PRESIDENT Cyril Ramaphosa addressing Team South Africa pre-World Economic Forum (WEF) breakfast meeting in Joburg before the WEF Davos Annual Meeting in Switzerland set for January 22 to 25 under the theme “Globalisation 4.0: Shaping a Global Architecture in the Age of the Fourth Industrial Revolution”. Photo: GCIS

JOHANNESBURG – President Cyril Ramaphosa will next week go on a charm offensive at the World Economic Forum (WEF) as he scrambles to raise $100 billion (R1.38 trillion) in new investments in an environment of heightened global trade tension.  

Ramaphosa will attend the annual gathering held in Davos fully aware that the WEF Global Risks Report 2019, released yesterday, has flagged trade tension as being an impediment of foreign direct investment (FDI) globally.

The report further said the five biggest risks facing South Africa were: high unemployment, critical infrastructure shortfall, social instability, water crisis and national governance failure.

Ramaphosa yesterday told South Africa's business delegation that the event would be used to woo investments as the government sought to build its investment book.

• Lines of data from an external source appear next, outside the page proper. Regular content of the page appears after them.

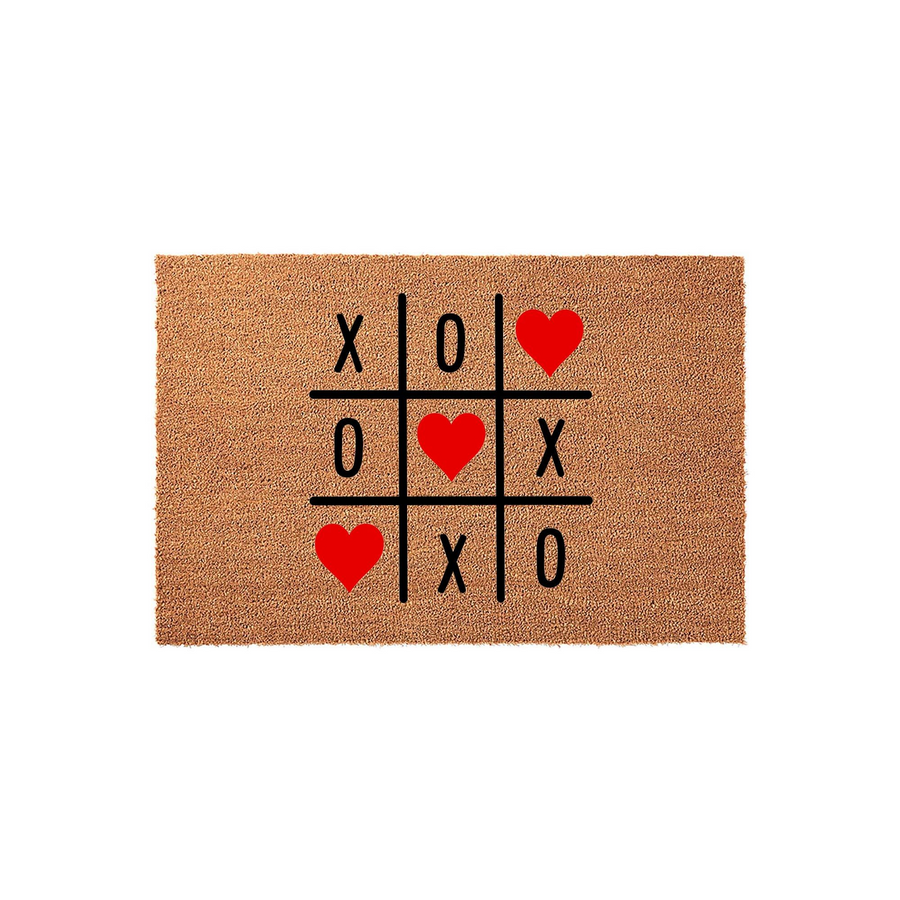 Tic Tac Toe Valentine doormat featuring a natural coir texture with a black grid design, red hearts, and X and O symbols printed in the center, creating a festive and romantic entryway decor piece for your home during the holiday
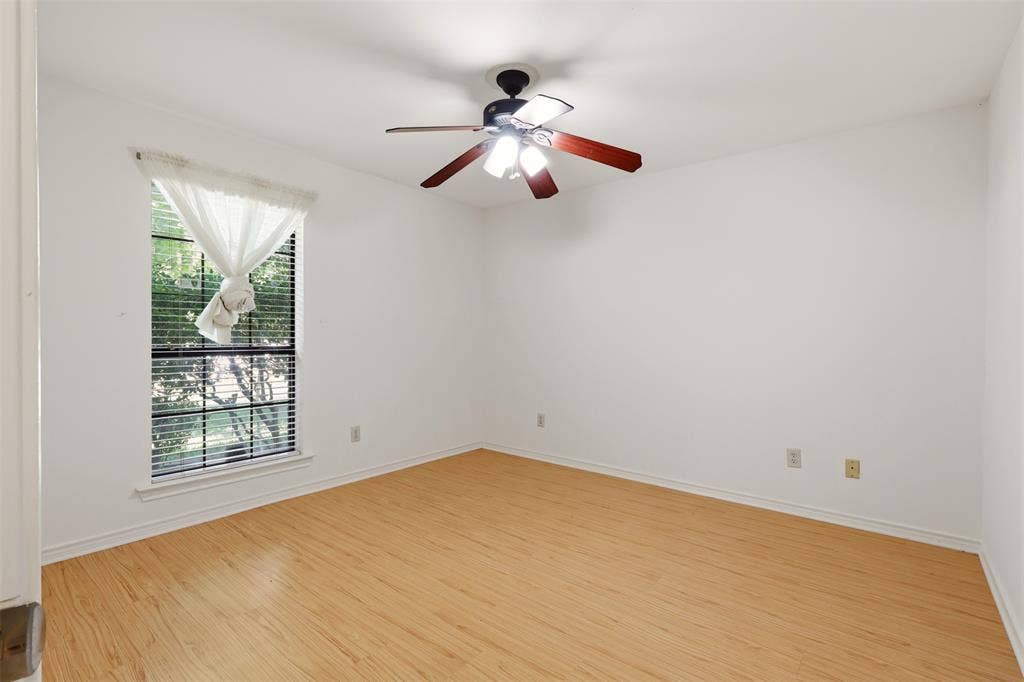 2700 Nighthawk Drive, Plano, TX 75025 Light wood-finish flooring, a window with horizontal blinds, and a ceiling fan with light fixture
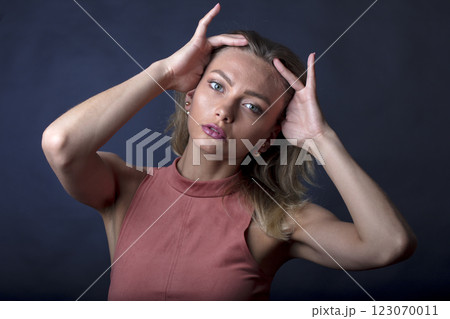 portrait of a young beautiful woman on a dark background 123070011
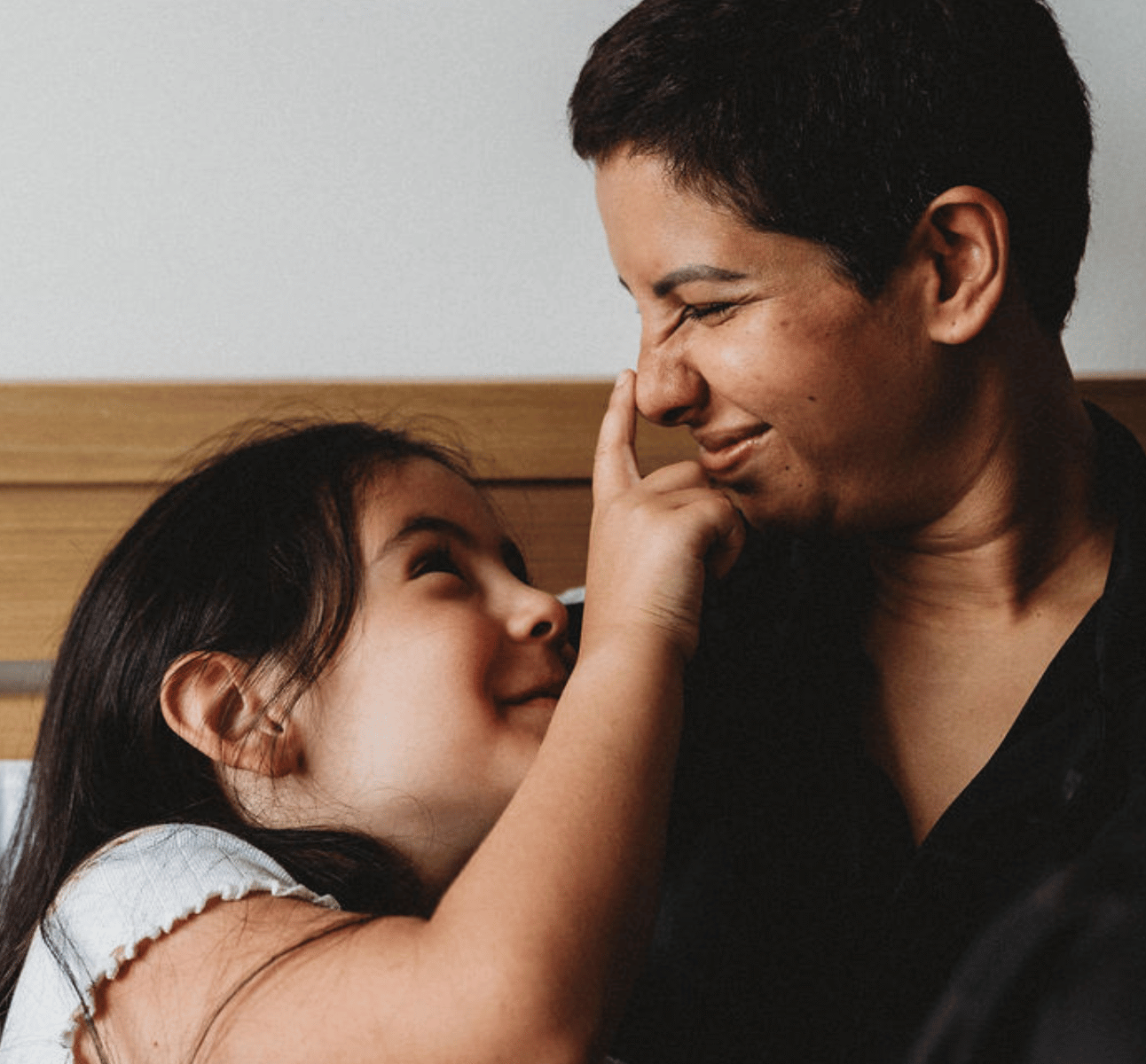 A woman and her daughter sat on a bed, the daughter has playfully pressed her mum's nose, both are smiling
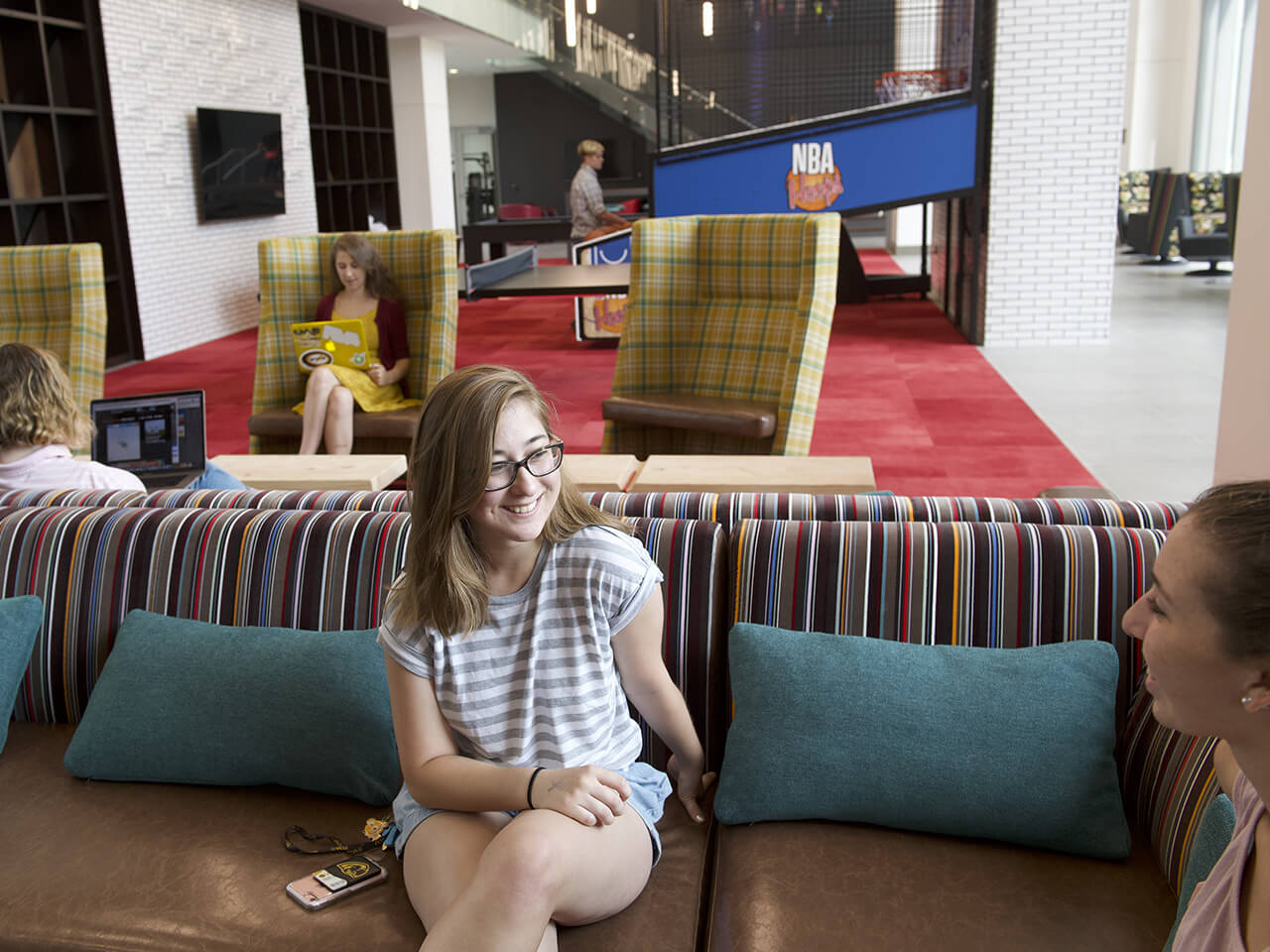 Students having a conversation in a social space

Data from UN Conference on Trade and Development has revealed that South Africa is the third biggest exporter of capital as a percentage of gross domestic product globally.

Chief economist at, Mike Schussler, said South Africa invested more outside of its borders than it received. 

“South Africa has R1.7trln in fixed investment stock outside the country, more than other countries have here,” Schussler said.

“The fact that this fixed investment could have added say R2.2trln (using emerging market average) then we should have a million more people in work.”

The WEF report warned that because FDI created economic facts on the ground in a way that trade flows did not, this was an area where increasing geoeconomic competition could sow seeds of tension that took years to grow and years more to resolve.

Bridy Paxton, the client advisory services leader at Marsh Africa, said FDI was on the decline.

“All this will have a significant impact on emerging markets, specifically around price of goods, disruption to supply chains, further unemployment with global organisations retracting from the country (SA),” Paxton said.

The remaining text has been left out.